I am not surprised that doctors shake their heads when people talk of Dysautonomia because all the talk of Dysautonomia around ME does not add up to me. I am not at all clear that POTS is Dysautonomia. It seems just as likely it is a response to low blood volume. The fact that the heart rate increases indicates that the autonomic nerves are working well.

And if we have a poor understanding of how the ANS works how do we know it is obviously involved in regulating all this stuff? That doesn't seem to add up.

 

As I recall it, viral titres and antibody titres are not the same thing

 

should be easy, when jen (coxsackie?) and jeff (EBV?) would publish the lab-chronology of titers (measurable things) they claim improved - before and after treatment...

should be clear to them, that there is considerable community-interest in precision on this.

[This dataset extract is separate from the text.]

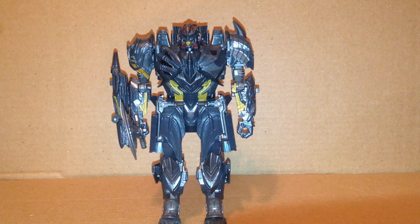By the way, I'm thinking about getting rid of this brown backdrop — not sure yet. But anyway, there's my Last Knight Megatron review.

what virus did the 3rd interviewed pwmecfs (mattie) have ?

 

Is this people’s court?

 

you think, we better not ask ?

 

Would getting the NIH study to check for CCI also help? They would have a more neutral perspective and a healthy cohort. Because I’m not sure how a single case report would add a lot of clarity. I trust the details and veracity @JenB has given

 

I agree that high titers don't imply a "persistent active infection", which is the term that someone used few posts above. And yeah, it wouldn't be good if they antibodies completely cleared up, thanks for correcting that.

According to what Naviaux mentioned in a Q&A, high antibody titers could still be pointing towards a problem, even if there is no active infection as such. That problem factor would be the ANS or rather something in the brain that was corrected after CCI leading to resolution of a dysfunctioning ANS, which is of course nothing but a hypothesis. I quoted the relevant part of Naviaux' response in the following:

The doctors I spoke to have no idea about the autonomic nervous system, they all just shake their head. I even got the diagnosis "autonomic dysfunction" following a TILT table test, which makes even less sense if there are no ANS problems in POTS. Either way, there seems to be a lack of understanding about what the ANS does and doesn't do, at least in my country.

 

My comment suggested indeed that it is none of our business, and if these individuals volunteer this information, that’s ok but they should not be obligated in any way to provide further infomration.

It sometimes feels like patients are pressing for proof in order to decide for themselves whether this hypothesis has credibility and it is not how science works.

Disclosure: I myself received off-label treatments that were promising but did not pan out. And I have been told by other patients that it didn’t work because I didn’t have ME.